What you need to do
Print the lines from the one containing "Кожаные ботинки без" through the end of the material below, both included, exactly as they appear and without pictures.
───── Supplied data ─────
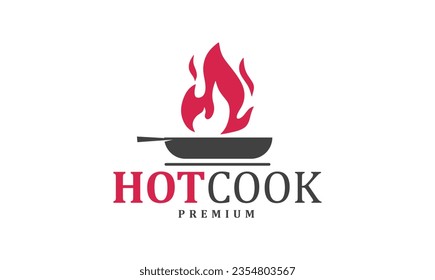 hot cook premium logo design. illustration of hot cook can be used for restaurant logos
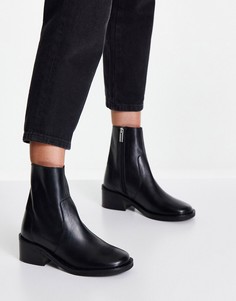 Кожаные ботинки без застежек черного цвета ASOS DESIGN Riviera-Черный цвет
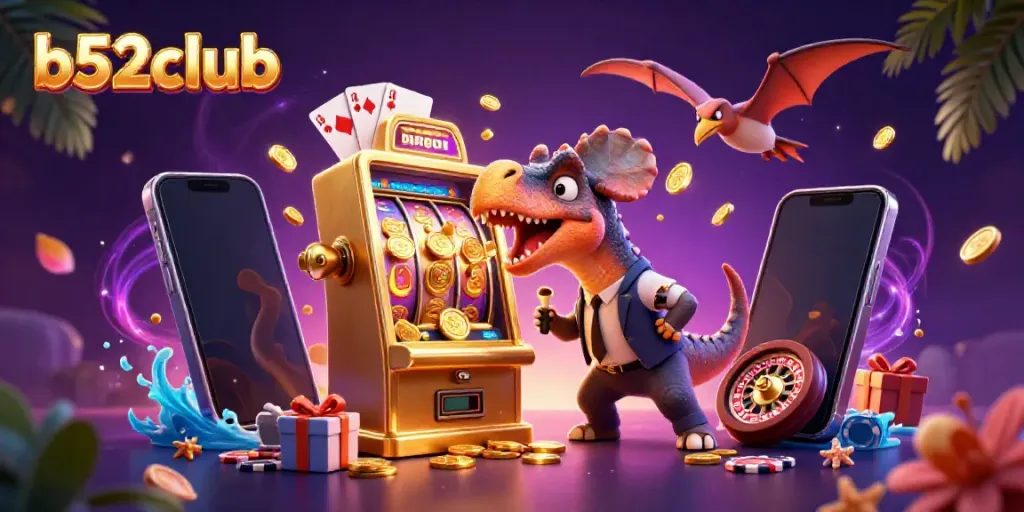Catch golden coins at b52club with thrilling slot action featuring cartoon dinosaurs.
─────
Task response
 Кожаные ботинки без застежек черного цвета ASOS DESIGN Riviera-Черный цвет
Catch golden coins at b52club with thrilling slot action featuring cartoon dinosaurs.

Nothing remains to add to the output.